So the period 1980 to 2010 was another missed opportunity to resolve the race issue around land. By 1985, at least one important puzzle was answered — being evidence that smallholder farming can contribute significantly to overall economic development as small farmers outstripped large farmers in maize and cotton production and marketing. This meant therefore that both smallholder black farmers and large scale white farmers had a major complementary role to play in national economic development as long as the economic policies were conducive and as long as appropriate public sector investments into agriculture were maintained.

The second missed opportunity was in the slowing down of the land reform programme after 1985. I did argue, as Chair of the Land Tenure Commission (1993/4), that it was more beneficial to have a slow but continuous land reform programme than a ‘start-and-stop’ approach. Thirdly and as part of that Commission we invested time with all key governmental departments and the CFU levels at provincial and national levels. To my disappointment, neither the Government nor the CFU could articulate a long term vision and strategy for transforming an agrarian base of society and economy into a post agrarian industrial society.

Specifically the Commission engaged the CFU Council in 1994 requesting options for a land reform programme in the event that Government went ahead with its plan to acquire an additional 5 million hectares from them. The response was that the CFU farmers retain access to remaining productive land ‘so as to feed the nation’ and preferably in contiguous lots to maintain social networks. I then made an observation and proposition. The observation was based on a study by a retired visiting German professor in my Department of Land Management at the University of Zimbabwe in the mid-1980s. The study noted poor racial integration and concluded that the social cohesion of 5,000 white farmers doted all over the country was not sustainable and their social networks based on country clubs would crash if numbers continued to dwindle. My question to the CFU then was the possibility of a self-accelerated land redistribution – creating small and medium sized farms most of which would be settled by commercial black farmers. And if we ended up with say 30,000 of these, surely the number of white farmers could actually be maintained at about 4-5,000 or even possibly increase to say 6-7000. Moreover, we would craft a broader and more viable integrated rural middle class, as opposed to a few thousand white ‘landed-gentry’ with no real integration.

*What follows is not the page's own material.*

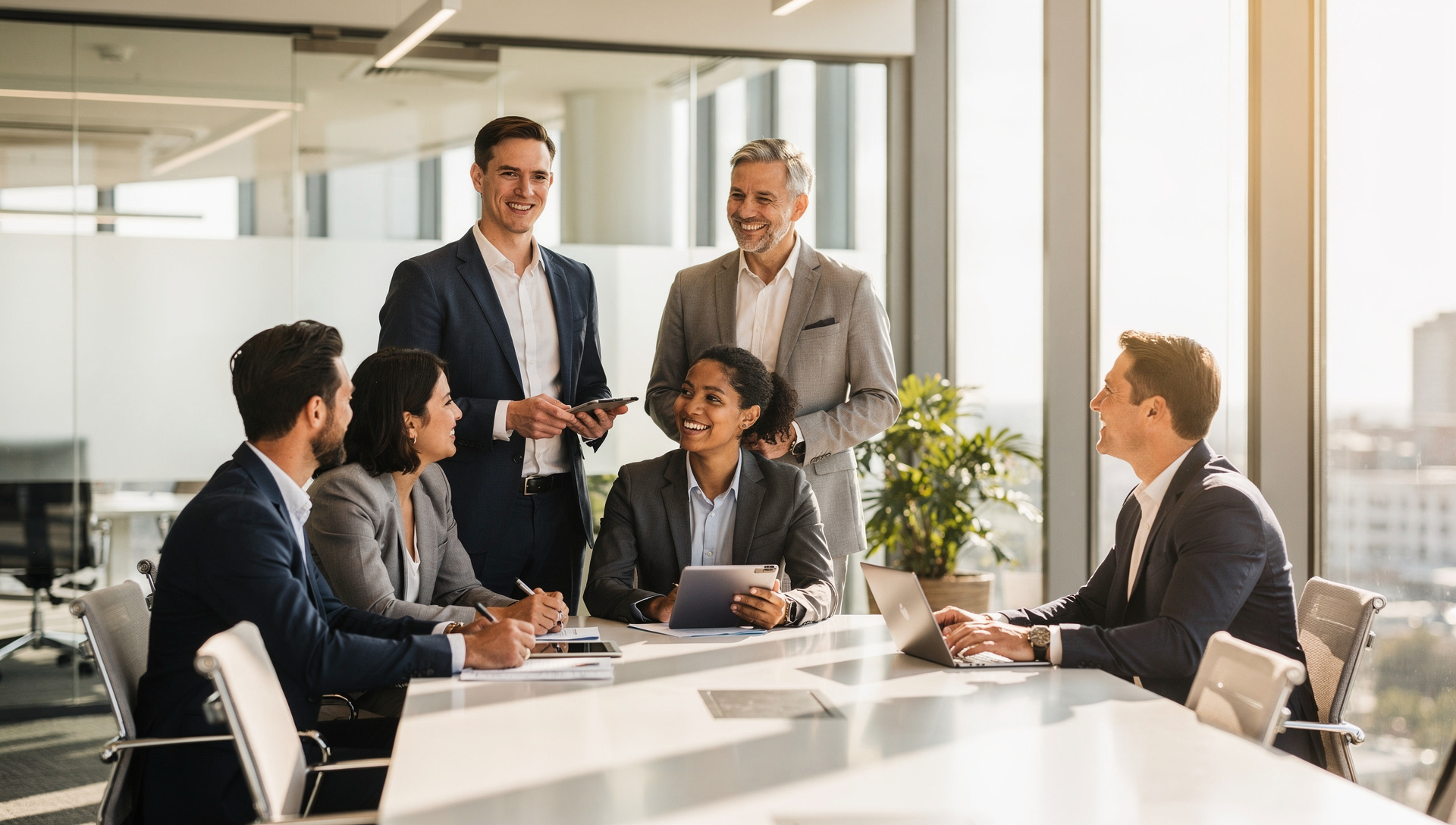 A team of business owners and operations leaders meeting in a bright office.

The CFU response was that this was idealistic and not practical. I cannot assume that my idea was viable, but I still struggle to foresee the future ideal Zimbabwean society without a more serious level of racial integration. The mortal enemies therefore kept the window open for further clashes in the period under discussion and history led us into the fast track land reform programme. I believe that the 2 missed opportunities are a form of history repeating itself. Life happens. History unfolds. It will be more rewarding moving forward, however, to create a new progressive history out of the old.

The Last (but not yet lost) Opportunity (2010-2040)

I will touch briefly on the next 30 years since I will cover this in a later article. The period 2010 to 2020 therefore, and based on my thesis, represents the last opportunity to resolve this rivalry once and for all, and for the nation to evolve from the 60 year period of land politics, to post-agrarian political dimensions. Essential dialogue between Zimbabwe’s black political elite and white farmers has to start in earnest. That is the dialogue that represents real national leadership. The international community is an essential component of the discourse, of course, but they need to be guided by the national engagement. I dare say that the nature and quality of discourse between the Africa Union and the International Community on Zimbabwe’s land issue can also be characterized by the same ‘cat and mouse’ indirect engagement as each side avoids the real contentious issue of race and colonial legacy. I will delve into the current activities and possibilities for the future in subsequent articles.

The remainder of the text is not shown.